--- INFORMATION PROVIDED Enclosed Below ---

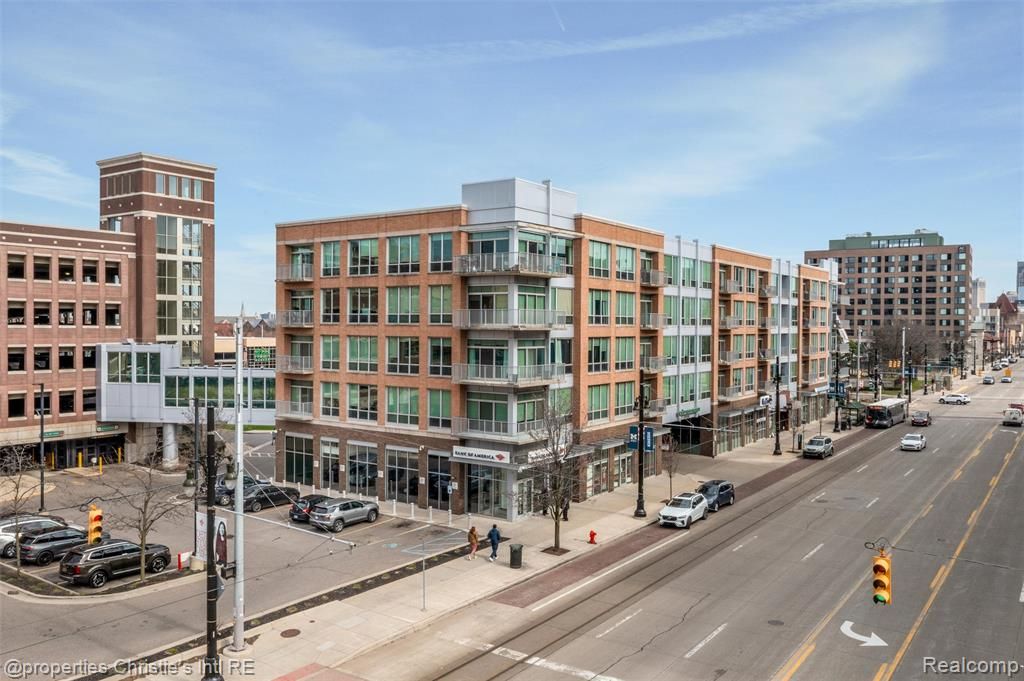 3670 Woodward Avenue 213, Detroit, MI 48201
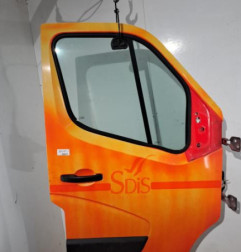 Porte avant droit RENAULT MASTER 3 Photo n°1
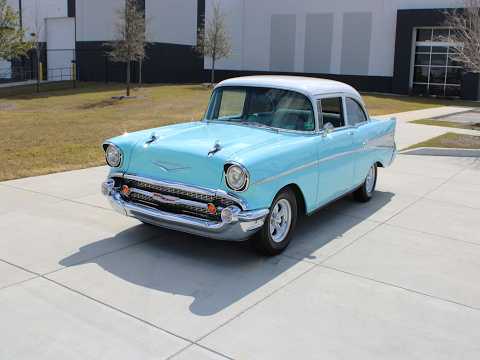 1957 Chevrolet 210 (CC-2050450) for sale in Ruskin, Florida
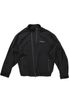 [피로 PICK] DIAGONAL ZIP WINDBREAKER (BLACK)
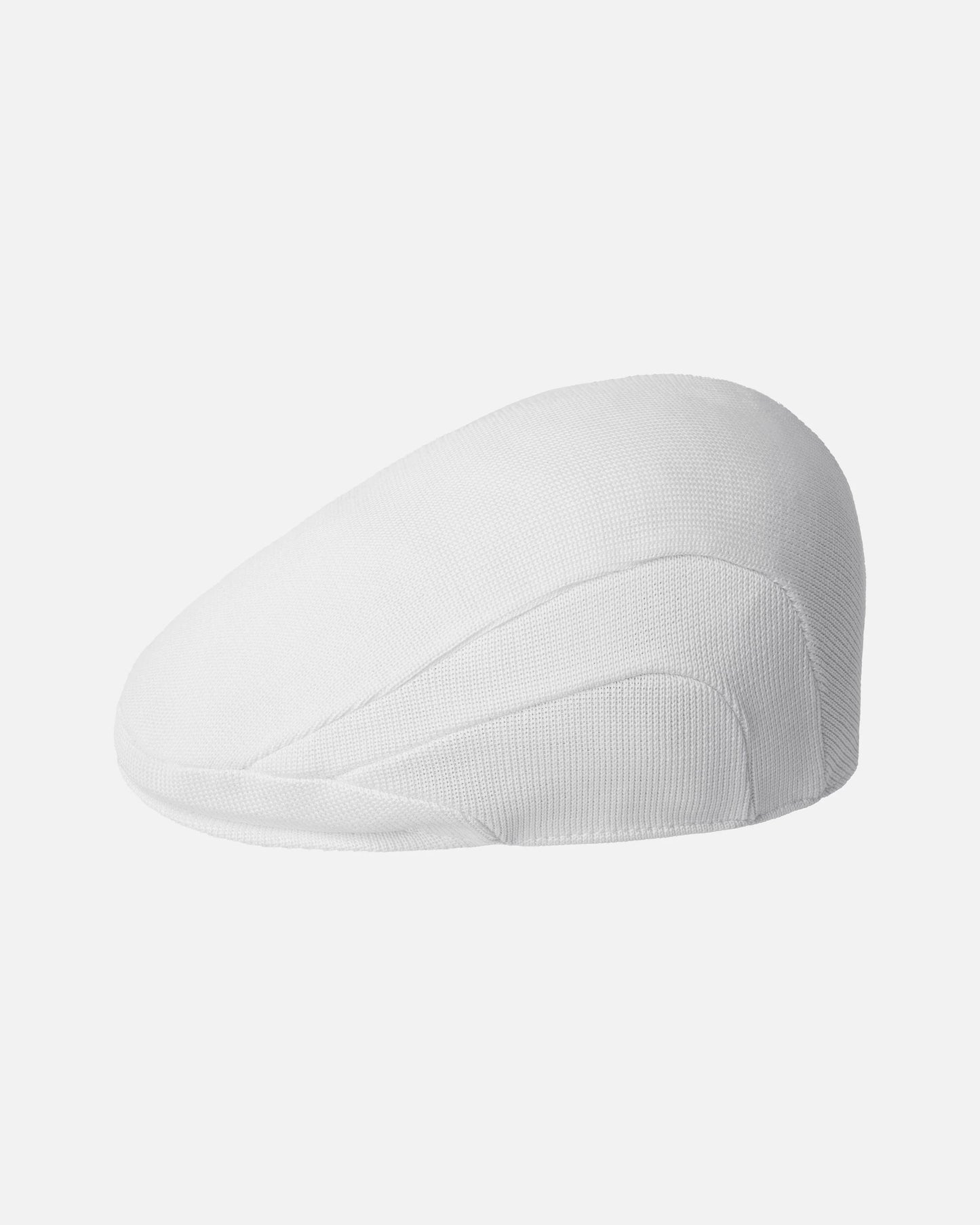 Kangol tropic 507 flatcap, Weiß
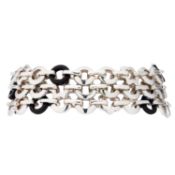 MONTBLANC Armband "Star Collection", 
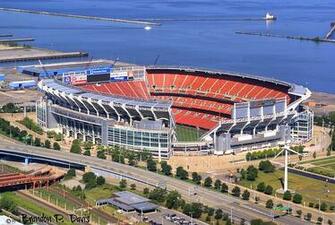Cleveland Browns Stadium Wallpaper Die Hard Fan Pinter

--- End of Enclosed INFORMATION PROVIDED ---

ACTIVITY: Would you mind repeating the records above exactly, without the pictures?

EXPECTED ANSWER:
 3670 Woodward Avenue 213, Detroit, MI 48201
 Porte avant droit RENAULT MASTER 3 Photo n°1
 1957 Chevrolet 210 (CC-2050450) for sale in Ruskin, Florida
 [피로 PICK] DIAGONAL ZIP WINDBREAKER (BLACK)
 Kangol tropic 507 flatcap, Weiß
 MONTBLANC Armband "Star Collection", 
Cleveland Browns Stadium Wallpaper Die Hard Fan Pinter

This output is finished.